Le sujet, longtemps ignoré des autorités gouvernementales et des constructeurs automobiles, figurent plus que jamais à leur agenda. Tant mieux. Le problème posé par la capacité des personnes âgées à continuer à prendre le volant devient prioritaire. Ce qui me réjouit, car demain, je serai vieux et si on m’enlève mon permis, autant me mettre directement dans un trou!
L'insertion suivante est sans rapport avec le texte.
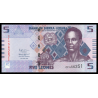 Sierra Leone, P-w36, 5 leones, 2022 - Billet de banque en vente sur Monnaies du Monde SHOP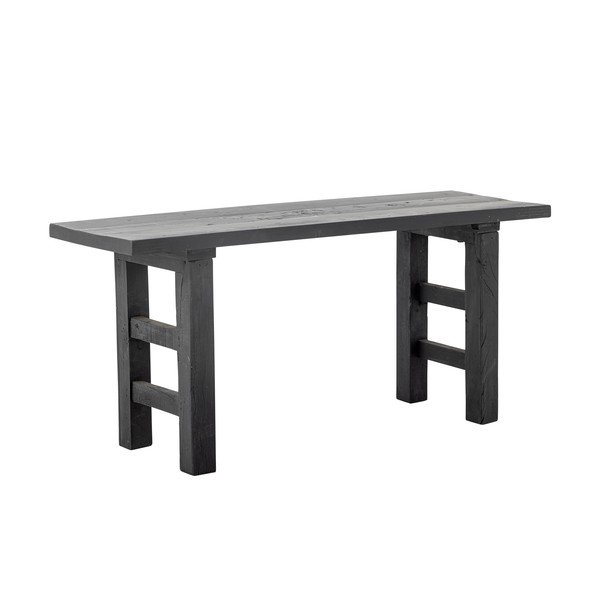 Panchina nera Riber - Bloomingville-image-2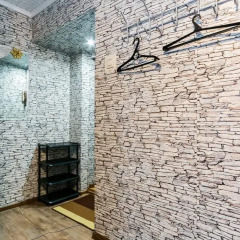 Апартаменты Uyutnyye apartment Улучшенный номер с разными типами кроватей фото 19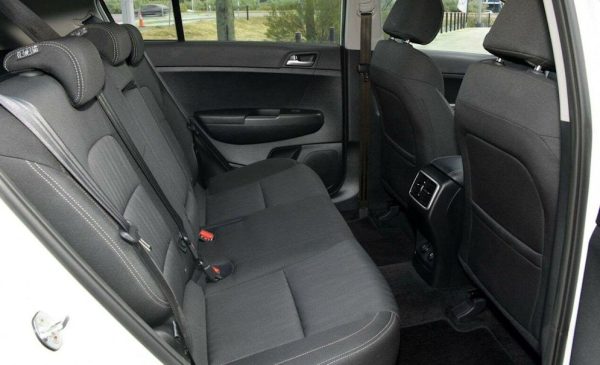 2021 Kia Sportage QL MY21 SX Wagon - Image 6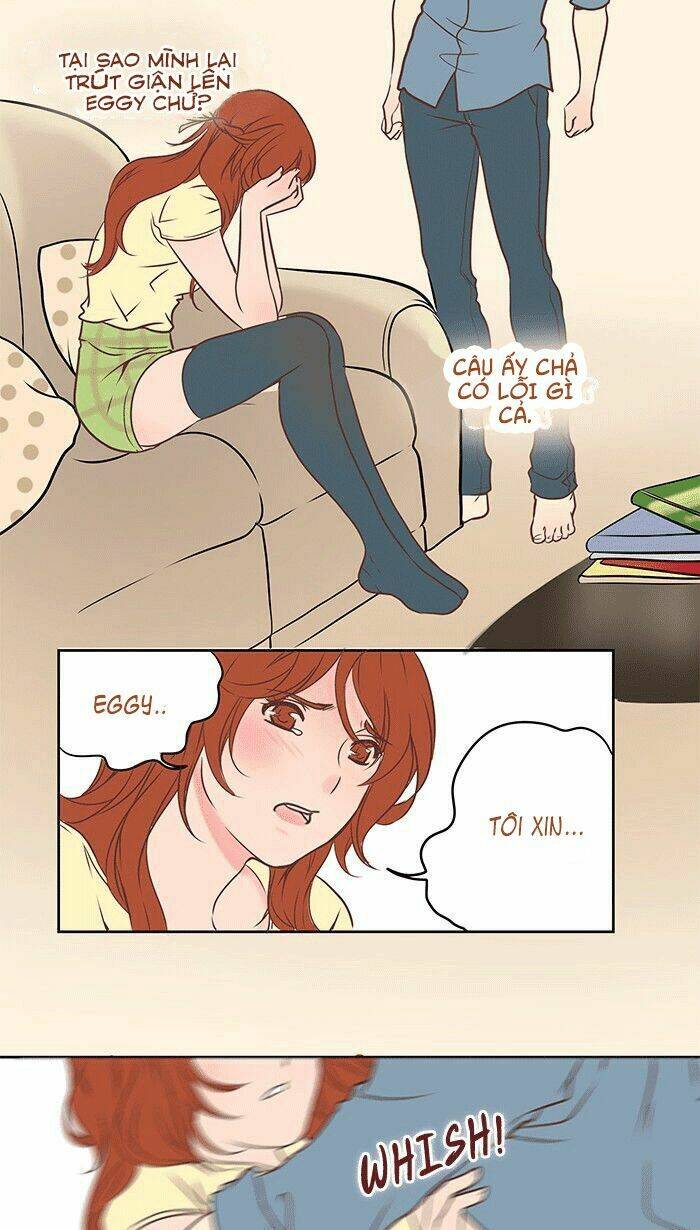 Chàng Trai Từ Quả Trứng: Chapter 6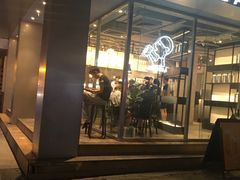 门面-喜茶(中山白水井店)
Elle sera rassurée en consultant le dossier de notre collègue Sébastien Templier publié en page 23. Michel Willett, conseiller en sécurité routière à la Société de l’assurance automobile du Québec (SAAQ), est d’avis, lui aussi, que les accidents mortels concernent d’abord les 15–24 ans, de très loin les plus à risque. À bicyclette, à scooter, à moto ou en voiture, la route tue d’abord des jeunes. Le vieillissement de la population risque toutefois de modifier cette statistique à moyen et long terme. Les personnes âgées, elles, font souvent les mêmes trajets et ont peur de changer d’itinéraires. Quand elles sont perdues, c’est là qu’elles commettent des fautes. Les aînés ont moins d’accidents de circulation que les jeunes. Mais lorsqu’ils sont impliqués dans un carambolage, c’est plus grave. En général, ce ne sont pas des chocs frontaux, parce qu’ils ne prennent pas de risques pour dépasser. Les collisions ont plutôt lieu lors des changements de direction, parce qu’ils prennent la décision trop rapidement, qu’ils sont moins mobiles et regardent moins autour d’eux. Les jeunes conducteurs se tuent le plus souvent le week-end, la nuit, sur une courbe et sans accrocher d’autre véhicule.

D’où vient alors la méfiance qui fait des aînés au volant de vrais dangers publics? Celle-ci est en effet bien ancrée dans la plupart des pays industrialisés. Canada compris. Sans doute, faut-il reconnaître que l’aptitude à conduire est bel et bien diminuée par les effets du vieillissement physiologique. Dès 50 ans, l’acuité visuelle diminue, le champ visuel rétrécit, la luminosité, les contrastes et les couleurs se modifient. En même temps, la qualité de l’ouïe (le deuxième sens le plus sollicité par la conduite automobile) faiblit, les réflexes sont ralentis, des maladies surviennent. Un syndrome d’Alzheimer dans une phase précoce non diagnostiquée peut avoir des conséquences désastreuses. En outre, certains médicaments qui accompagnent les petits maux du vieillissement peuvent induire des risques.

Au-delà de ces considérations, les conditions de la conduite automobile ne cessent de changer. Les conditions de circulation ont évolué. Il y a plus de circulation sur les routes, de plus en plus d’autoroutes, des sens giratoires... Ces modifications ne sont pas toujours bien intégrées par les conducteurs âgés.

Au XXIe siècle, une personne âgée de 70 ans ne peut plus être considérée comme vieille. Elle vit pleinement et conduit sa voiture de plus en plus souvent. Il est impossible de nier qu’avec l’âge, le risque d’accident augmente. Le problème est que la définition de personne âgée devient de plus en plus difficile à établir. Ne sommes-nous pas tous inégaux devant l’âge?

Dans la jungle de la circulation routière, on peut faire toutes sortes de mauvaises rencontres: des jeunes gens imbibés au dernier degré, des retraités myopes comme des taupes ou des quadragénaires psychotiques persuadés que Dieu conduit à leur place.

«Il ne manquerait plus qu’on m’empêche de conduire ma voiture du fait de mon âge!» s’indigne Alma, 86 ans, qui ne saurait se passer de sa Chrysler New Yorker, une marque à laquelle elle est fidèle depuis toujours. Cette automobile est la garantie de son autonomie, autant que de sa liberté de femme. Alma a obtenu son permis à une époque où l’homme au volant était roi. Et elle ne pense pas être plus dangereuse que les jeunes gens qu’elle croise entre Valleyfield et Saint-Lazare, où elle se rend une fois par semaine. Surtout le samedi soir, lorsqu’ils sortent éméchés des bars, précise-t-elle.